Emanuela Struffolino
speaks about self-reported health among lone mothers. Do employment and education matter?
Emanuela Struffolino is postdoctoral fellow of the Research Unit "Demography and Inequality" at WZB - Berlin Social Science Center. She earned a PhD in Sociology in 2014 at the University of Milano-Bicocca. She has been awarded the journal Population’s first Young Author’s Prize
(Interview conducted in March 2016)
Why did you decide to work on lone mothers?
Single-parent households are an interesting subject from the perspective of family sociology and social inequalities for many reasons. Even if the share of men who raise alone one or more children below the age of 18 is increasing as a consequence of the diffusion of the shared custody, lone parents are mostly women. However, their socio-economic profile has become more heterogeneous in the recent cohorts. In fact, the age range at which women experience the transition to lone motherhood has become wider and the distribution of lone mothers across educational levels has increased. These chances can be traced back to the increase in divorce and separation that now are coupled with first biths out of partnership and widowhood as reasons for experiencing lone parenthood. As a consequence, lone mothers’ engagement in paid work has become more diverse due to varying degrees of labor market attachment for different educational groups. Lone mothers are at high risk of suffering from poor health and are more likely to be unemployed and live in poverty, which are both factors associated with poor health. However, the additional burdens to the reconciliation of family and work can as well trigger additional disadvantages in different life domains for lone mothers who are main/sole breadwinners and caregivers.

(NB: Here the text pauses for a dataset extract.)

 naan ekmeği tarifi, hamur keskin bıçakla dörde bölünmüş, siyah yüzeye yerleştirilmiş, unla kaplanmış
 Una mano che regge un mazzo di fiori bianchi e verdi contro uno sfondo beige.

Does Switzerland - where your survey took place – display specific characteristics?
Switzerland is an extremely interesting case study, because of the weak work-family reconciliation policies and marriage-based taxation that discourage female labor market participation. The level of public spending for early childhood care in Switzerland is one of the lowest in OECD comparisons, and translates into the parents being required to bear more than 80% of the costs even in public childcare (even though differences exist among Cantons). Relatively widespread welfare schemes against poverty can affect lone mothers’s labor market participation in two ways: either they represent a buffer against immediate and urgent economic needs or they may discourage lone mothers from taking on paid work with unfavorable labor market prospects. In particular, lone mothers face great difficulty in accessing full-time paid care to keep a low paying job, either because of lack of childcare places or because of high costs. Relying on social assistance may appear to be a good strategy, especially for less-educated lone mothers, to optimize scarce economic and time resources in the short run. However, depreciation of both social capital and skills during long periods of unemployment can undermine future employability prospects. In this context, for lone mothers employment can be associated with better health because it eases the potential economic hardship driven by being the principal earner. However, working can represent an additional stress factor due to lone mothers’ responsibility as sole/main caregiver.
What is the link between health and (un)employment for lone mothers in Switzerland ?
We found that in the Swiss context lone mothers, especially those who do not work, have poorer health than partnered mothers. This association is partially explained by the fact that lone mothers tend to have a lower income. Our results suggest that in Switzerland while financial provision and support are ensured for the weakest mothers heading a single-parent household, those who are less likely to rely on welfare support and at the same time have a low level of bargaining power on the labour market compared to highly educated (signalled by their part-time participation and relatively poor qualifications) represent a potentially vulnerable group suffering from specific health disadvantages. Future research shall explore to which extent such effects are driven by the institutional, financial, social, and time resources available to lone parents to fulfil their double role and by the uncertain prospects in the labour market.